How to properly lime the soil
Most often, the soil is limed to a depth of 20 cm. But if lime is applied in an incomplete volume (for example, ¼ of the full dose), it is covered only to a depth of 4-6 cm. Hydrated lime (fluff) is not always safe for plants because it can burn their roots in high concentrations.
The same goes for wood ash. Therefore, these fertilizers are recommended to be applied in the fall after digging the soil. At the same time, they must be evenly dispersed over the earth’s surface.
Deep these fertilizers do not close up. Dissolving under the influence of precipitation, they penetrate to the required depth. Other types of lime do not burn the plants, so they can also be used in the spring when planting.
At the same time, it is better to use lime on clay and loamy soils. On sandy soil, where magnesium is usually low, it is recommended to use limestone or dolomite flour.
Chalk, lacustrine lime or marl should be added to calcium-deficient soils since these substances contain calcium carbonate. And on heavy soils, slaked lime turns out to be the most effective due to its ability to enter into high-speed reactions.
Why do you need to add lime to the soil
In too acidic soil (pH up to 6), its biological activity decreases and plants are damaged by root beetle, gray rot, cabbage keel, wireworm, and gum disease in stone fruits.
Of course, you need to add lime to the places where fruit trees are grown because it provides the fruits of cherries and plums with a beautiful color, aroma and increases resistance to diseases and pests.

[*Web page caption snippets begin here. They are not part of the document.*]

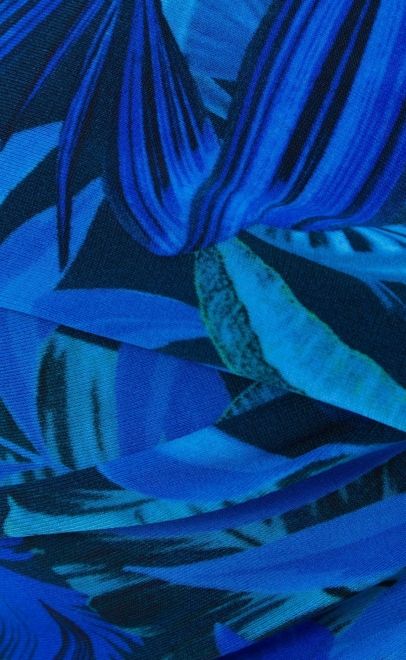 Раздельный купальник-с формованной чашкой бандо на завязках синий (210713L+210740N) фото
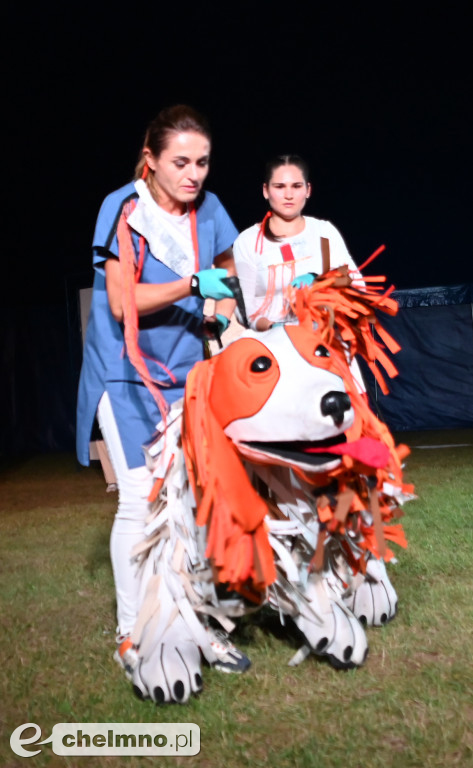 Magiczny teatr pod namiotem w Wabczu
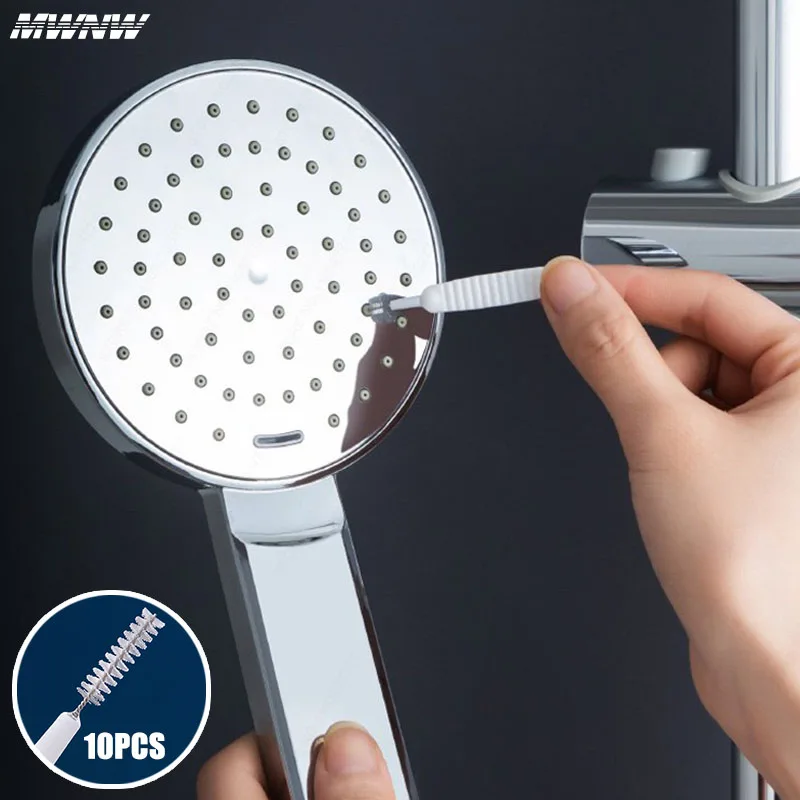 10PCS Bathroom Shower Head Cleaning Brush Washing Anti-clogging Small Brush Pore Gap Cleaning Brush Kitchen Toilet Phone Hole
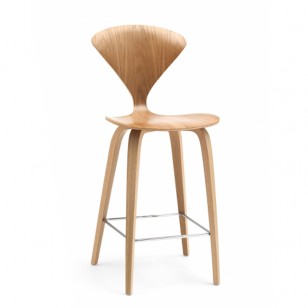 Cherner Barstool徹納酒吧椅設計師實木彎板簡約高腳吧凳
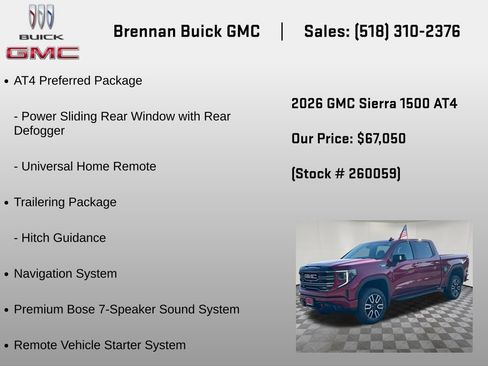 New 2026 GMC Sierra 1500 AT4 w/ AT4 Premium Package AWD/4WD image 12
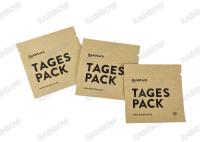 Bolsa de té vacía biodegradable a medida con sello térmico de tres lados Bolsa de embalaje de café de té Bolsa de embalaje de pastillas de papel Kraft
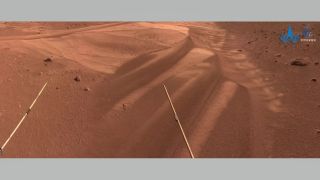 A Martian sand dune imaged by China's Zhurong rover before it entered hibernation in May 2022.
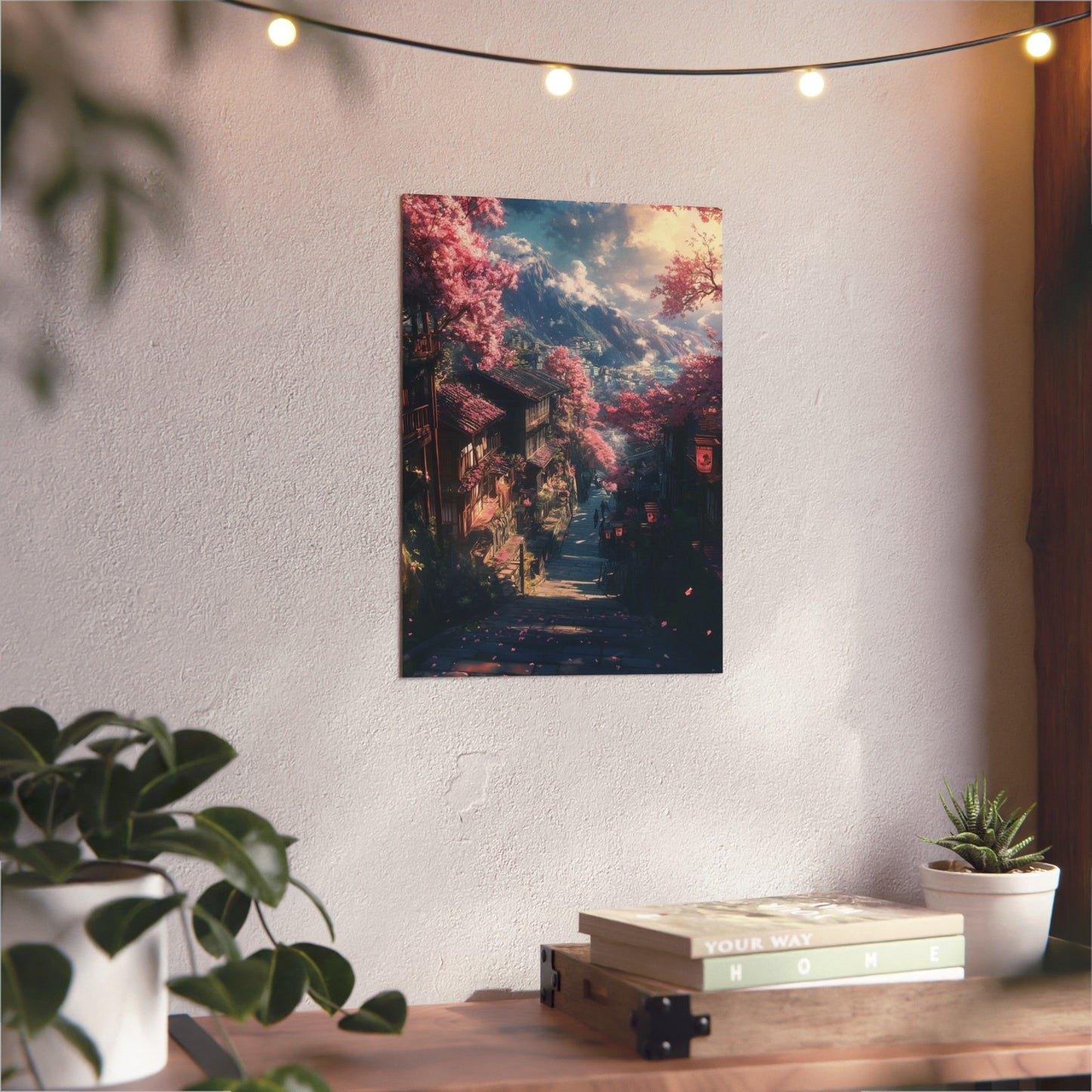 Mountain Glow: The Sakura Haven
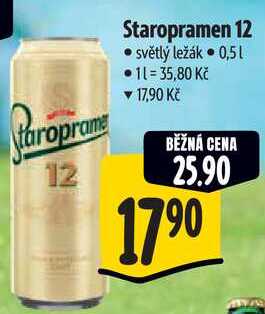 Staropramen 12, 0,5 l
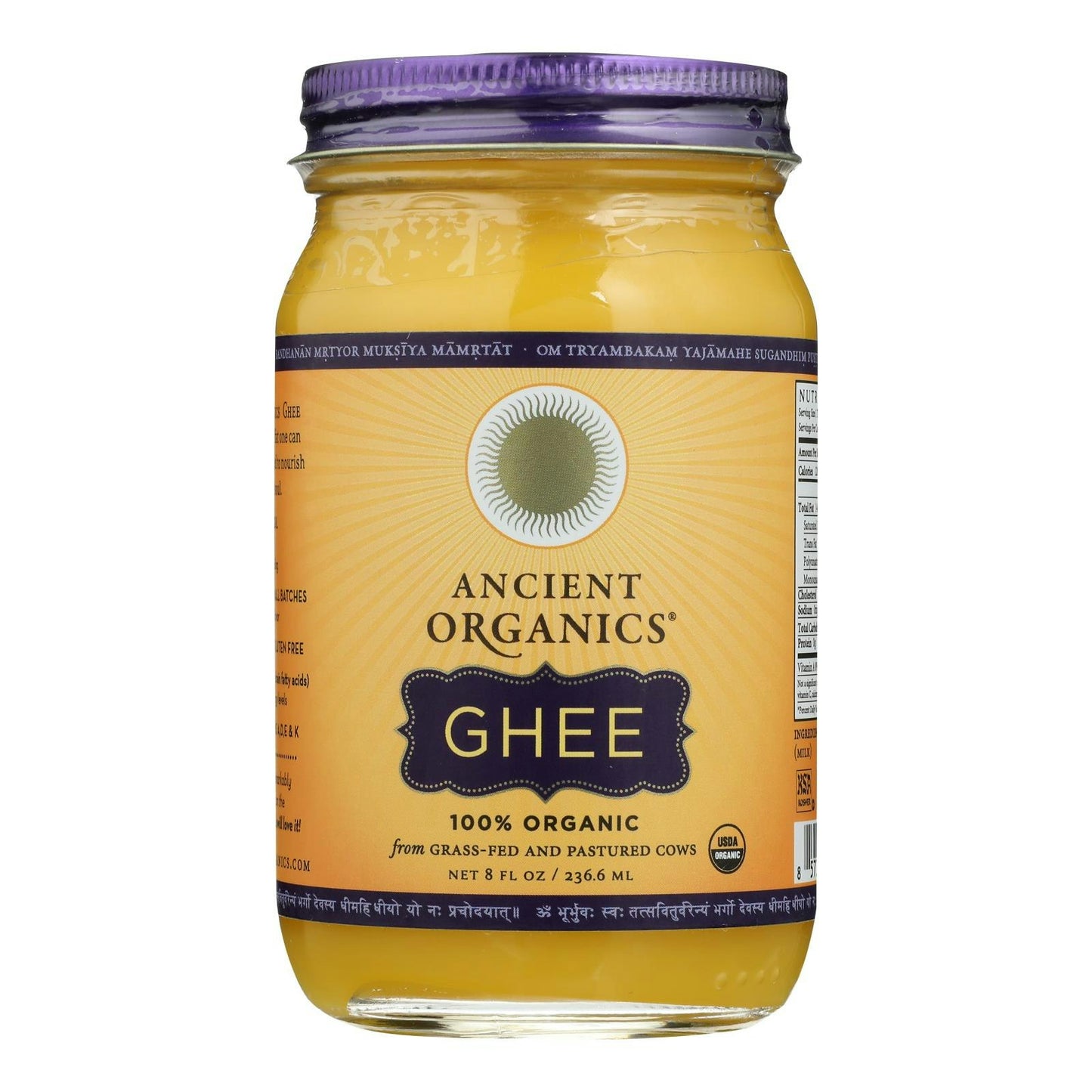 Ancient Organics Ghee Organic (Pack of 6)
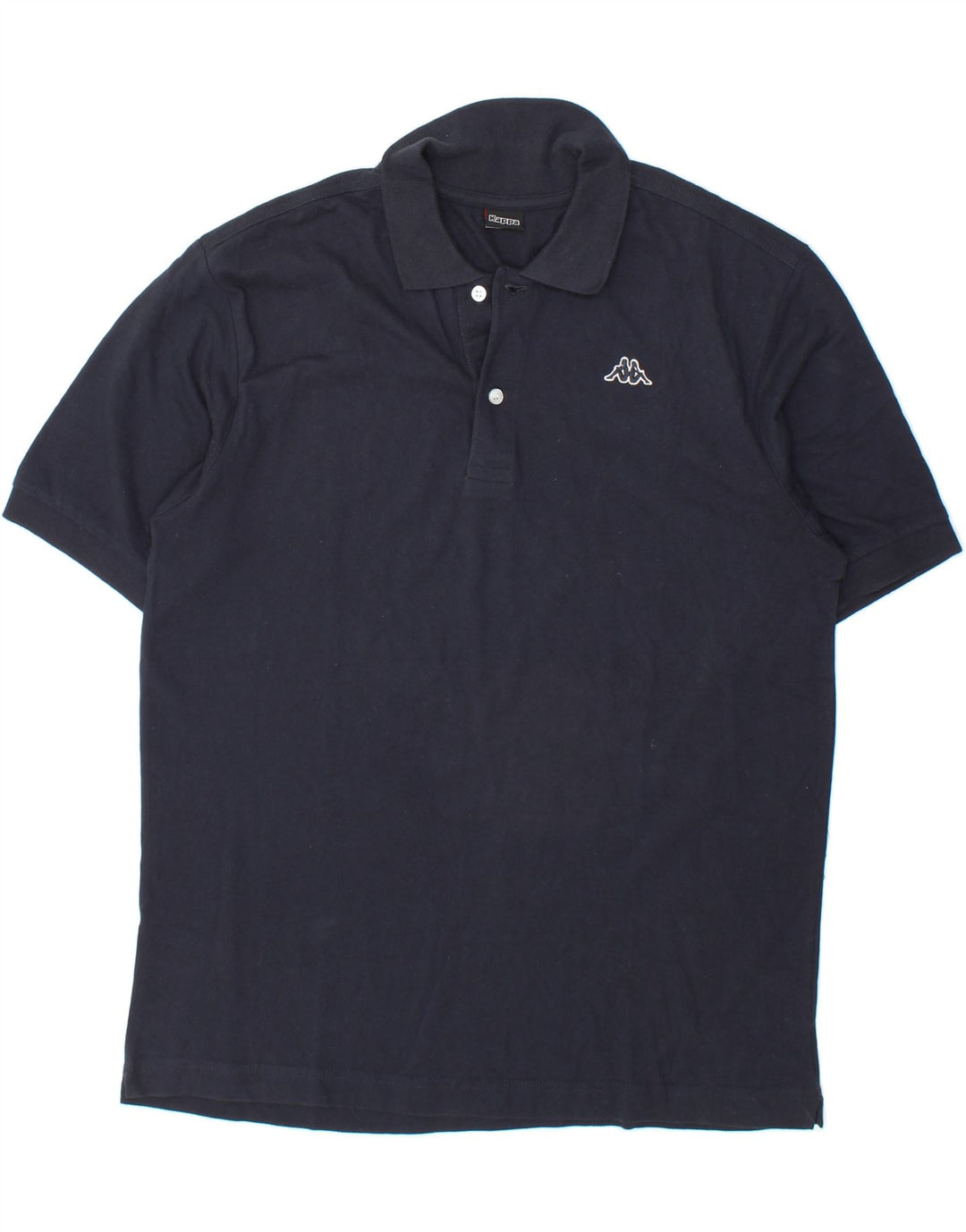 KAPPA Mens Polo Shirt Large Navy Blue Cotton Vintage Kappa and Second-Hand Kappa from Messina Hembry 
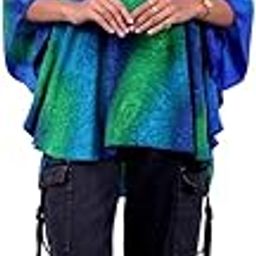 Women's Printed Tunic Kaftan, Short Caftan Top| Free Size-image-71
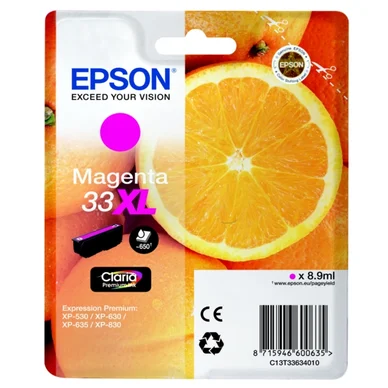 Epson Epson 33XL Mustepatruuna Magenta T3363 Vastaa: N/A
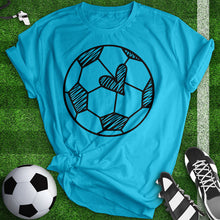 Load image into Gallery viewer, Gameday Heart Soccer Tee
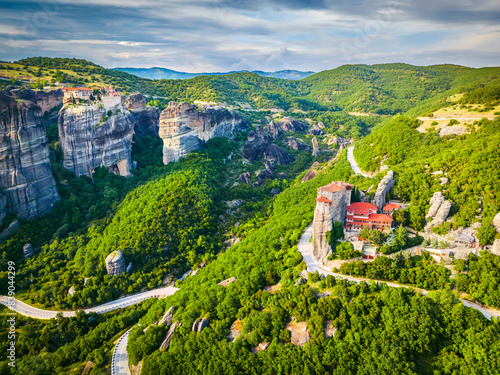 Obraz na płótnie Meteora, Greece. Monastery of Roussanou, world Greek heritage. w salonie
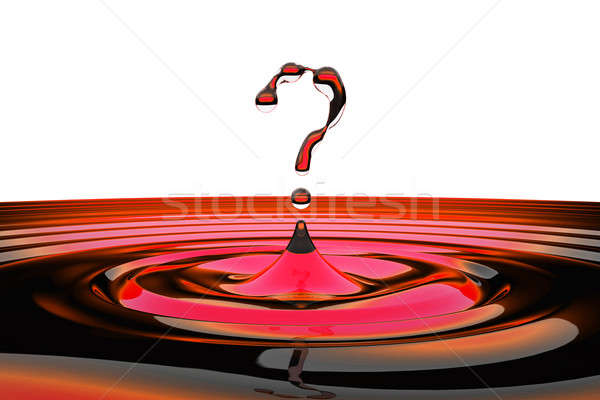 Stock photo: FAQ concept. Symbol shaped water drops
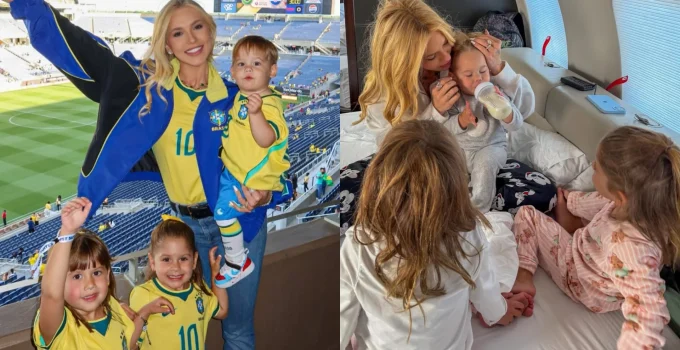 Virginia Fonseca muda rotina das filhas após polêmica com Zé Felipe sobre viagens e escola: "prioridade é estudar"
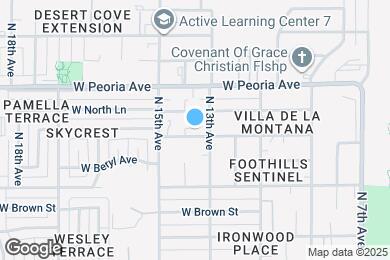 Map image of the property - 1320 W Cochise Dr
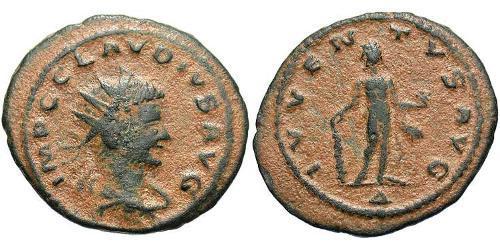 1 Antoninien Empire romain (27BC-395)  Claude II  (213-270)
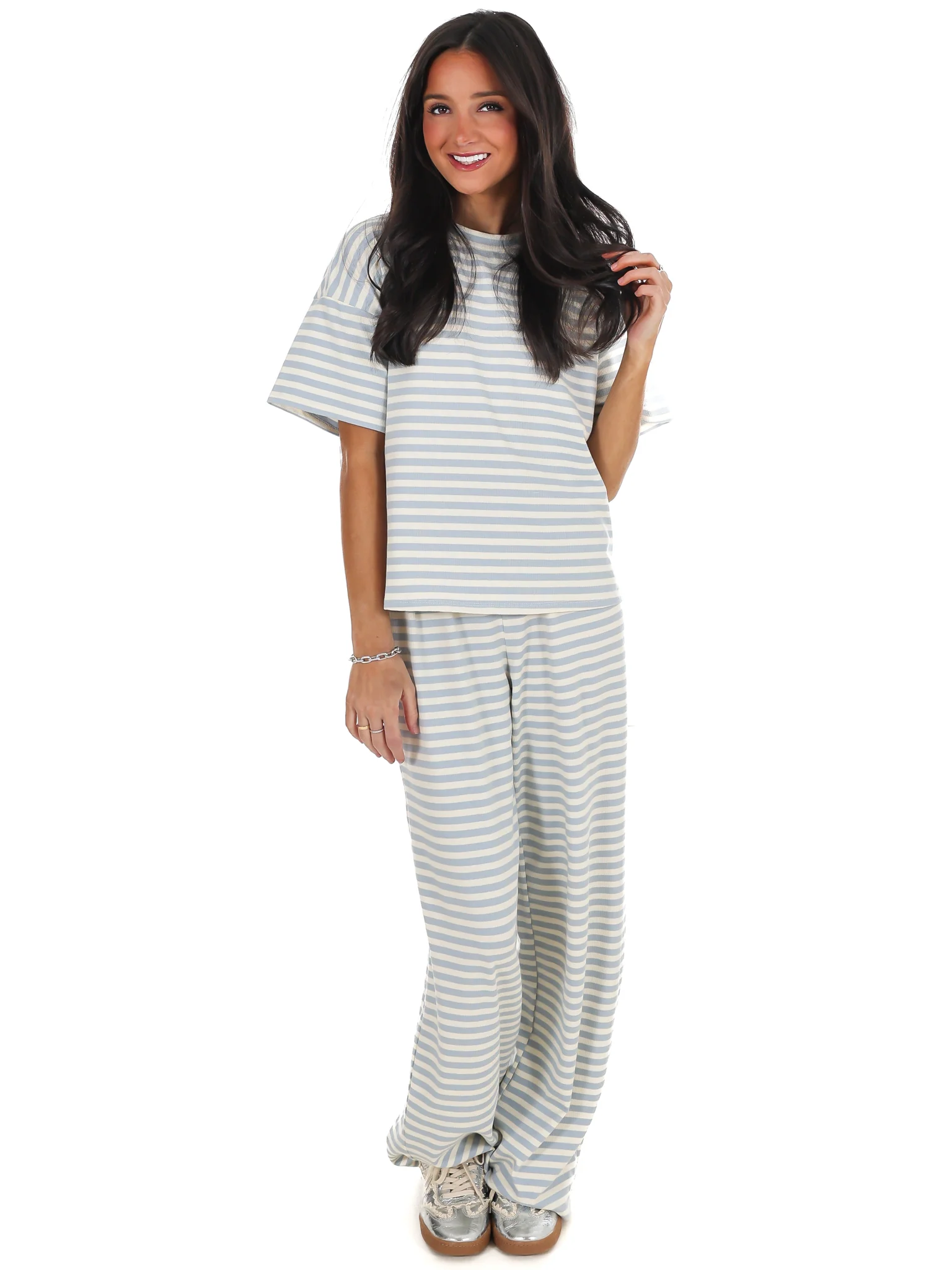 Straight Line Stripe Two Piece Set - Image 12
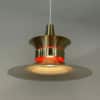 Danish hanging lamp by Bent Nordsted for Lyskaer Belysning, 1970s.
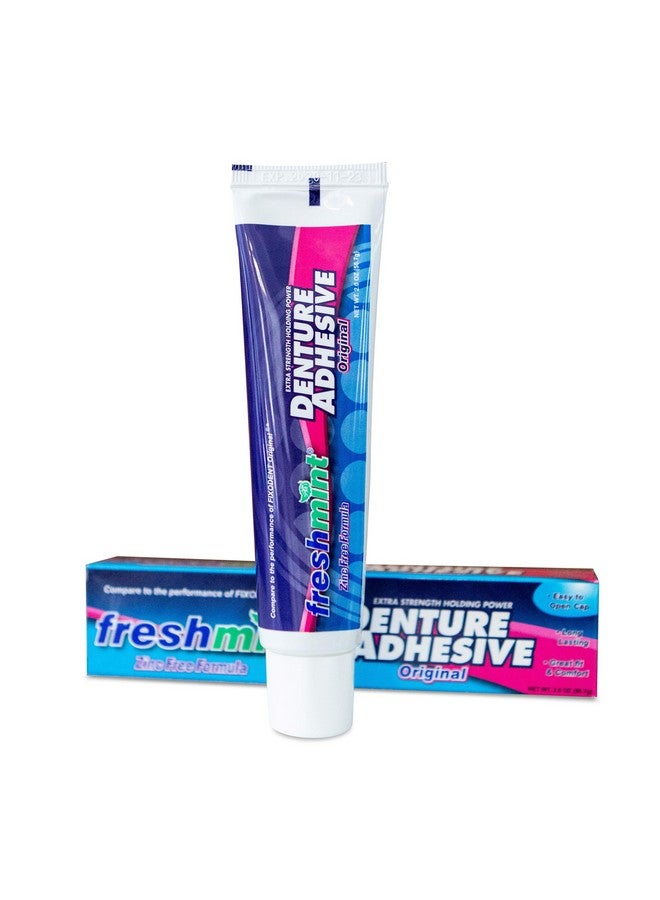 Freshmint F Freshmint 2 Oz. Denture Adhesive, Zinc Free With Natural Beeswax. - Image 1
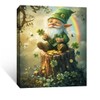 St Patricks Day Wall Decor Canvas Printing, Gnomes Leprechaun Wall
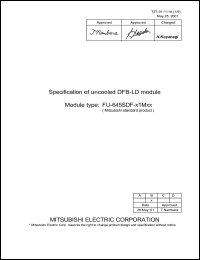 FU-645PDF-W1M1B Datasheet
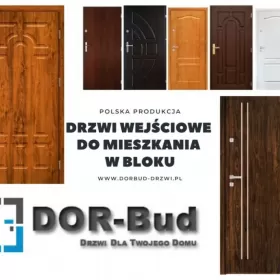 Drzwi wejściowe wewnątrzklatkowe do mieszkania w bloku
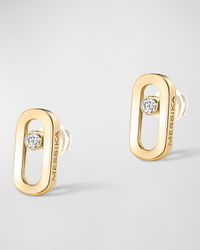 Move Uno 18K Yellow Gold Stud Earrings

Here are some recommended soil pH ranges to follow for best yields:
- pH 6-7 – cucumbers in the open field, onions, tomatoes, peas, cabbage, beans, rutabaga, carrots, leeks, rhubarb, beets, and tulip bulbs
- pH 6-6.5 – berries, strawberries, fruit trees, potatoes, and ornamental plants.
- pH 5.5-6.5 – herbs.
What is the dosage?
The amount of lime used is what the soil needs. The soil will need some lime, depending on its pH and consistency. It is best to have a professional lab do a soil analysis to know how much to use.
The grass can tolerate a pH of 5.5 to 7.5. Therefore, for every 10 square meters of area, approximately 25-300 kg of lime is required to correct a lawn with a slightly acidic pH.
If you want to raise the pH of 30 square meters of sandy soil, you will need 3 kg, medium loamy soil 4 kg, and heavy clay soil 5 kg. The general dose is 1-2 grams per kilogram of soil once a year.
But you must do a chemical analysis of the previous soil to determine the exact amount. After you add lime to the soil, you will notice changes, although it may take from half a year to a whole year for complete dissolution. That is, you won’t be able to see the full effect until it dissolves.
Experienced gardeners know that to obtain high yields, the chemical composition of the soil on which certain crops grow is extremely important. In this sense, plants are most suitable for lime soil. This article has given ways on how to tell if your lawn needs lime.